Can it be disabled for some nodes?
Basically nodes with mixed content (text and elements) can not contain any linebreaks.
The input xml:
<?xml version="1.0" encoding="ISO-8859-1"?>
<Account xmlns="http://example.com/account">
<Owner>
<ID>012345789</ID>
<Name>Peter Johnson</Name>
</Owner>
<Notes>
<NoteID>012345789</NoteID>
<Text>This is the description:
Line 1
Line 2
Line 3
Line 4, after double linebreak
Line 5</Text>
</Notes>
</Account>
The XSL:
<?xml version="1.0" encoding="ISO-8859-1"?>
<xsl:stylesheet xmlns:xsl="http://www.w3.org/1999/XSL/Transform" xmlns="http://example.com/account" version="1.0">
<xsl:output method="xml" version="1.0" encoding="ISO-8859-1" indent="yes"/>
<xsl:template name="replace_sab">
<!-- with string s, replace substring a by string b -->
<!-- s, a and b are parameters determined upon calling -->
<xsl:param name="s" />
<xsl:param name="a" />
<xsl:param name="b" />
<xsl:choose>
<xsl:when test="contains($s,$a)">
<xsl:value-of select="substring-before($s,$a)" />
<xsl:copy-of select="$b" />
<xsl:call-template name="replace_sab">
<xsl:with-param name="s" select="substring-after($s,$a)" />
<xsl:with-param name="a" select="$a" />
<xsl:with-param name="b" select="$b" />
</xsl:call-template>
</xsl:when>
<xsl:otherwise>
<xsl:value-of select="$s" />
</xsl:otherwise>
</xsl:choose>
</xsl:template>
<xsl:template match="#*|node()">
<xsl:copy>
<xsl:apply-templates select="#*|node()"/>
</xsl:copy>
</xsl:template>
<xsl:template match="text()[not(normalize-space())]"/>
<xsl:template match="text()[boolean(normalize-space())]">
<xsl:call-template name="replace_sab">
<xsl:with-param name="s" select="." />
<xsl:with-param name="a" select="'
'" />
<xsl:with-param name="b"><Break/></xsl:with-param>
</xsl:call-template>
</xsl:template>
</xsl:stylesheet>
The output that I get:
<?xml version="1.0" encoding="ISO-8859-1"?>
<Account xmlns="http://example.com/account">
<Owner>
<ID>012345789</ID>
<Name>Peter Johnson</Name>
</Owner>
<Notes>
<NoteID>012345789</NoteID>
<Text>This is the description:<Break/>Line 1<Break/>Line 2<Break/>Line 3<Break/>
<Break/>Line 4, after double linebreak<Break/>Line 5</Text>
</Notes>
</Account>
The output I would like:
<?xml version="1.0" encoding="ISO-8859-1"?>
<Account xmlns="http://example.com/account">
<Owner>
<ID>012345789</ID>
<Name>Peter Johnson</Name>
</Owner>
<Notes>
<NoteID>012345789</NoteID>
<Text>This is the description:<Break/>Line 1<Break/>Line 2<Break/>Line 3<Break/><Break/>Line 4, after double linebreak<Break/>Line 5</Text>
</Notes>
</Account>
I am using "TIBCO XSLT 1.0" XSLT engine in a Tibco BusinessWorks process.
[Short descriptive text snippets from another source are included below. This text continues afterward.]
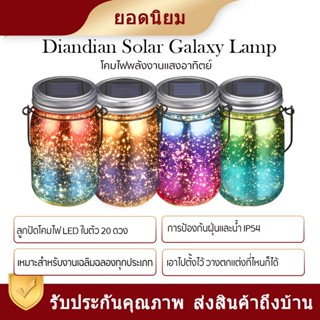 Diandian Solar Galaxy Lamp ไฟโซลาร์เซลล์ โคมไฟพลังงานแสงอาทิตย์ ไฟโซลาร์เซลล์ตกแต่งห้อง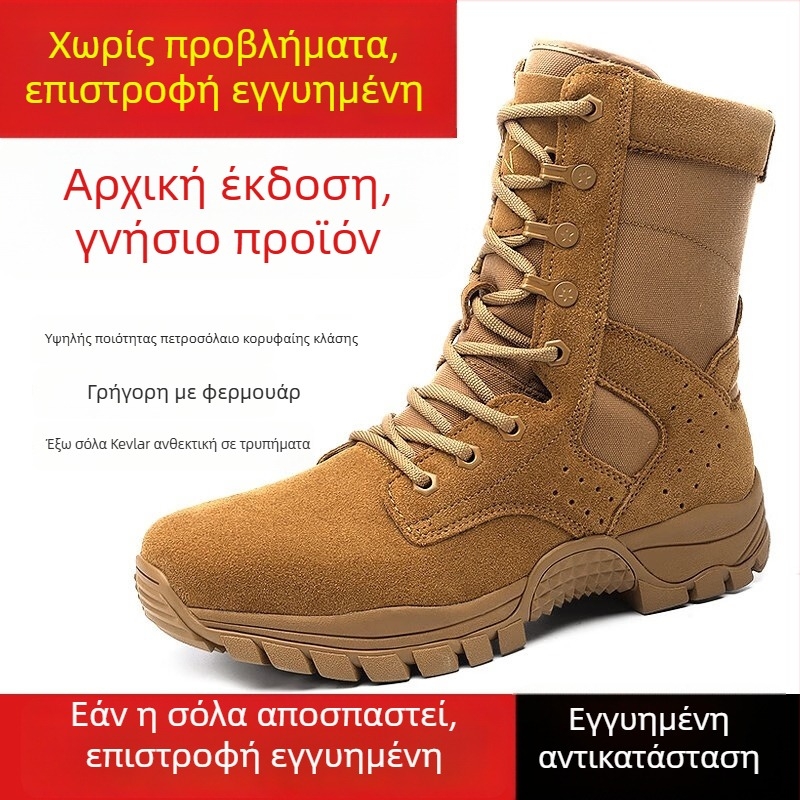 Τακτικά μποτάκια μάχης, υψηλό επάνω μέρος, δέρμα πρώτης στρώσης, αντιολισθητική σόλα, Unisex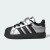 Thumbnail of adidas Originals Streettalk (KJ9595) [1]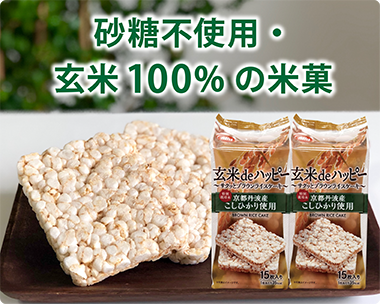 玄米de ハッピー
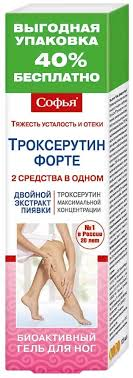 SOFIJA gelis kraujotakai Trokserutin Forte, 125 ml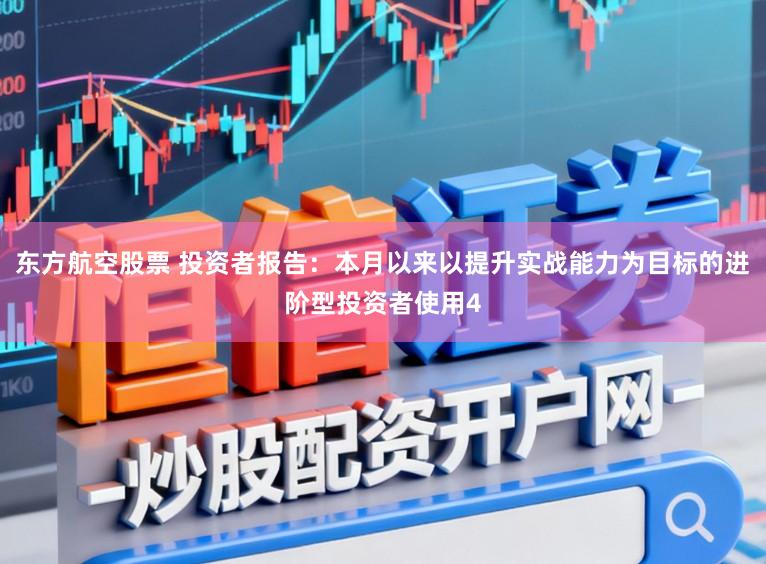 东方航空股票 投资者报告：本月以来以提升实战能力为目标的进阶型投资者使用4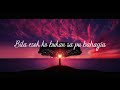 Jingga Senja - Glenn Sebastian X VavaVeez (Lyric Video)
There's no standard way of doing this.
If you were using Saxon you could use the saxon:suppress-indentation output parameter, which becomes a standard option in XSLT 3.0.
Perhaps you could find a way of inserting the Saxon serializer into your processing pipeline even if you stick with the Tibco XSLT engine.